Task to carry out:
Could you reproduce the entries exactly, omitting every picture?

Dataset records:
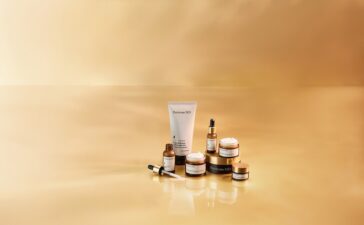 neurocosmetica-perricone-md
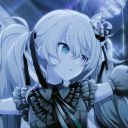 sparkleferret avatar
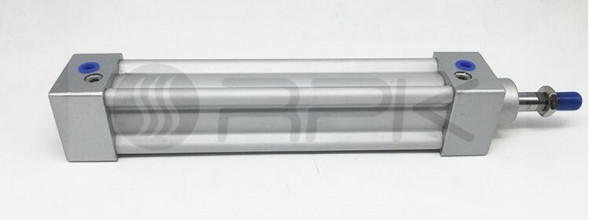 Пневмоцилиндр SU32X100-S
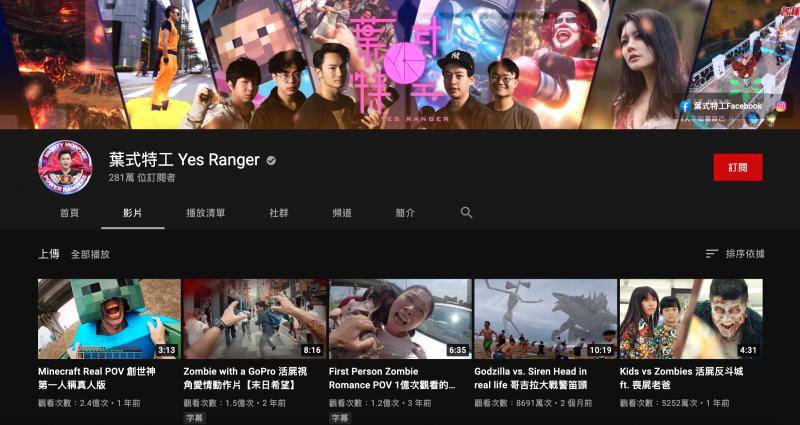 目前比较火的低风险创业怎么选择,低风险创业基本方法有哪些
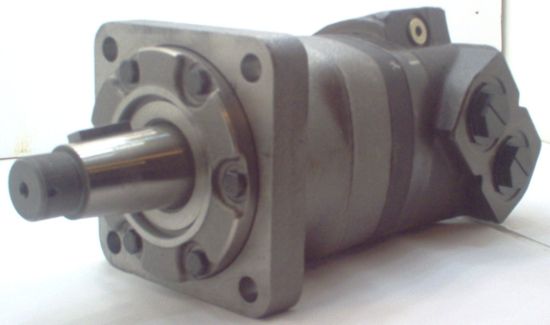 Picture of CHAR-LYNN 112-1076-006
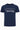 TKO Men's Everyday Graphic Tee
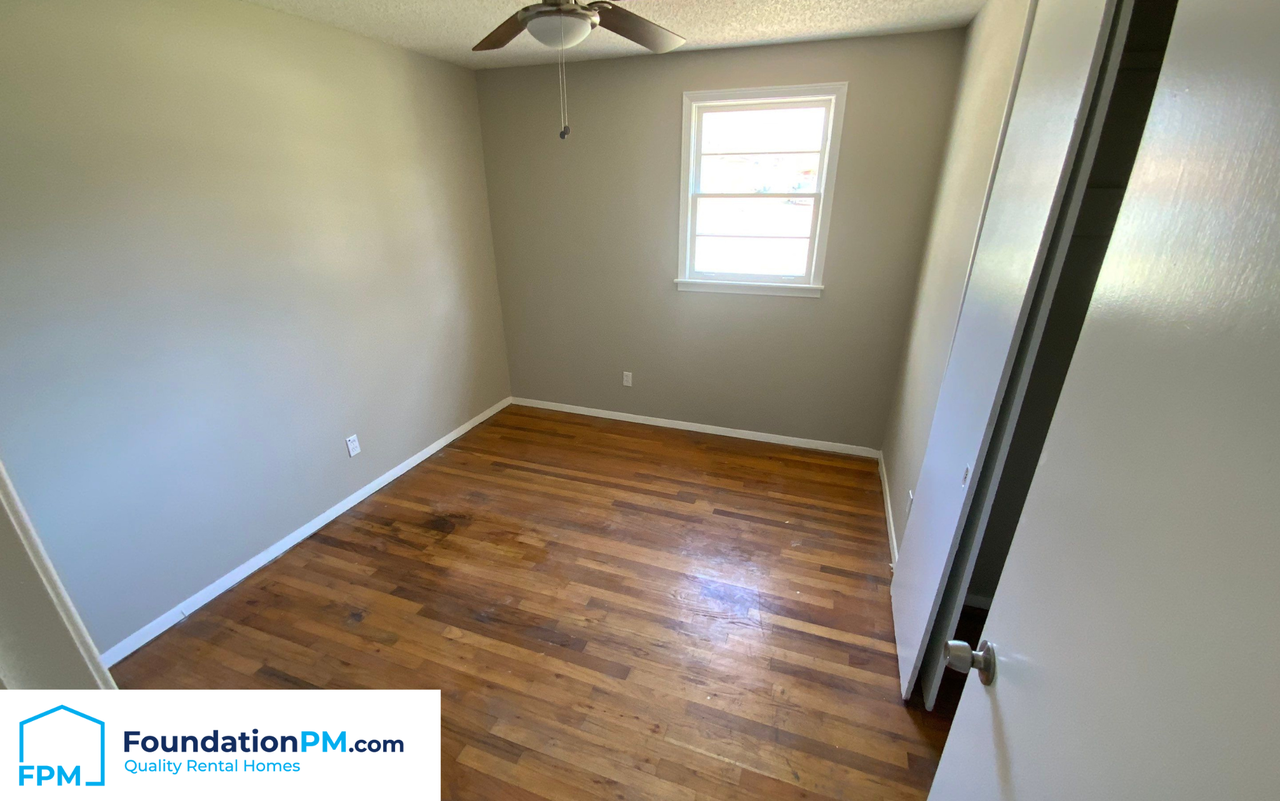 415 Carbon Cv #1 - Photo 7 of 10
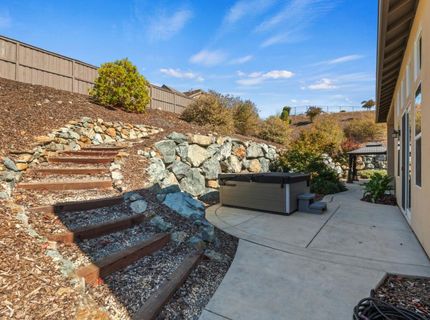 239 Candlewood Ct, El Dorado Hills, CA 95762 Photo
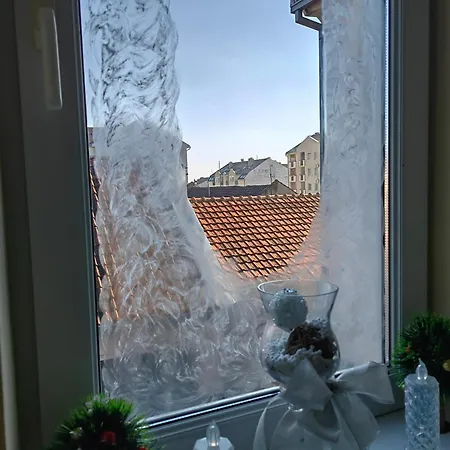 Jo.ra. * Bačka Palanka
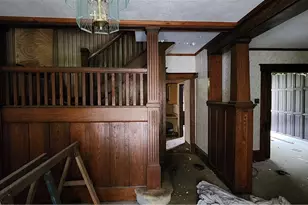 542 Franklin St, Freeport, PA 16229 - Photo 3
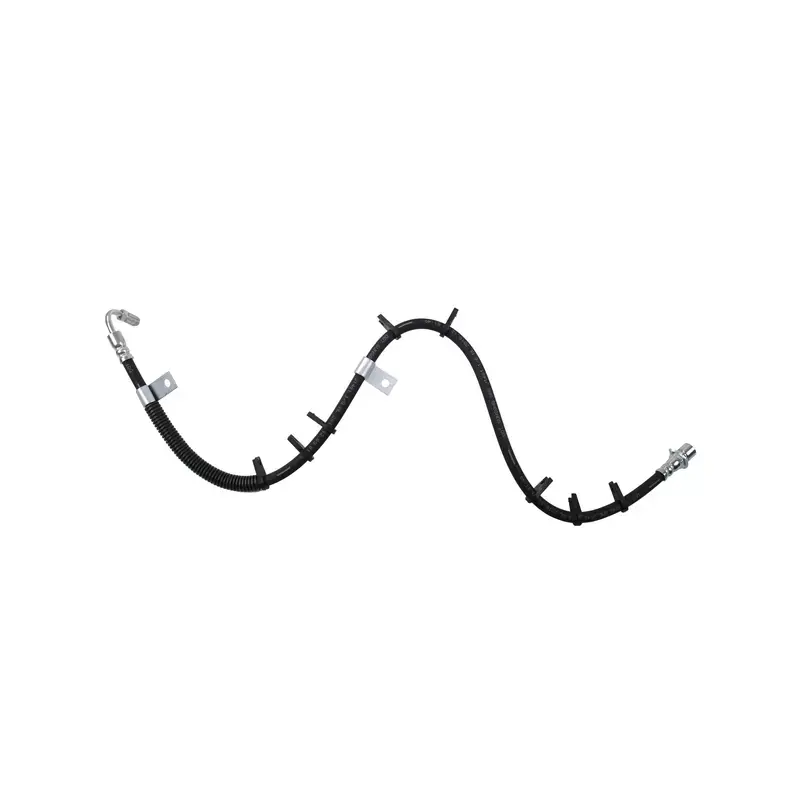 Next Day Delivery SUN-2205507 - Brake Hydraulic Hose | Sunsong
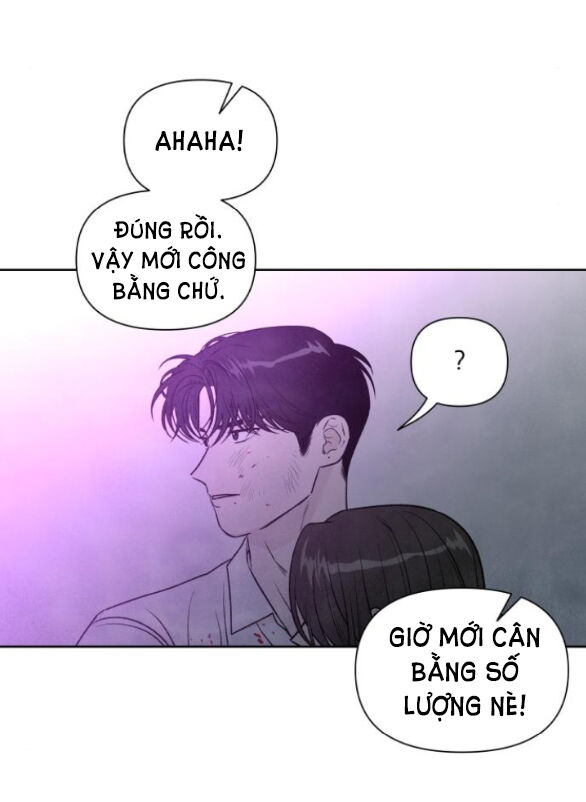 Điều Khiến Tôi Quyết Tâm Chết Đi Chapter 96.2 - Next Chapter 96.2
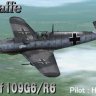 Mas Legacy - Herman Graf (Luftwaffe).zip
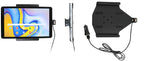 Brodit houder voor Samsung Galaxy Tab A 10.5 SM-T590/SM-T595 | 721079 - productfoto 1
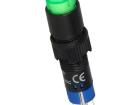 V8Y-11-230G Pushbutton Switches
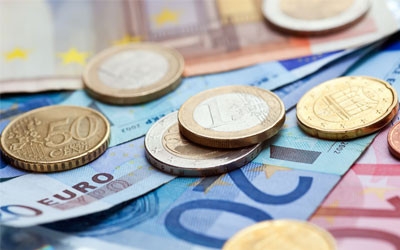 Cryptocasino krijgt last onder dwangsom van Kansspelautoriteit Cryptocasino krijgt last onder dwangsom van Kansspelautoriteit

Answer area:
 neurocosmetica-perricone-md
 sparkleferret avatar
 Пневмоцилиндр SU32X100-S
 目前比较火的低风险创业怎么选择,低风险创业基本方法有哪些
 Picture of CHAR-LYNN 112-1076-006
 TKO Men's Everyday Graphic Tee
 415 Carbon Cv #1 - Photo 7 of 10
 239 Candlewood Ct, El Dorado Hills, CA 95762 Photo
 Jo.ra. * Bačka Palanka
 542 Franklin St, Freeport, PA 16229 - Photo 3
 Next Day Delivery SUN-2205507 - Brake Hydraulic Hose | Sunsong
 Điều Khiến Tôi Quyết Tâm Chết Đi Chapter 96.2 - Next Chapter 96.2
 Mas Legacy - Herman Graf (Luftwaffe).zip
 Brodit houder voor Samsung Galaxy Tab A 10.5 SM-T590/SM-T595 | 721079 - productfoto 1
 V8Y-11-230G Pushbutton Switches
 Cryptocasino krijgt last onder dwangsom van Kansspelautoriteit Cryptocasino krijgt last onder dwangsom van Kansspelautoriteit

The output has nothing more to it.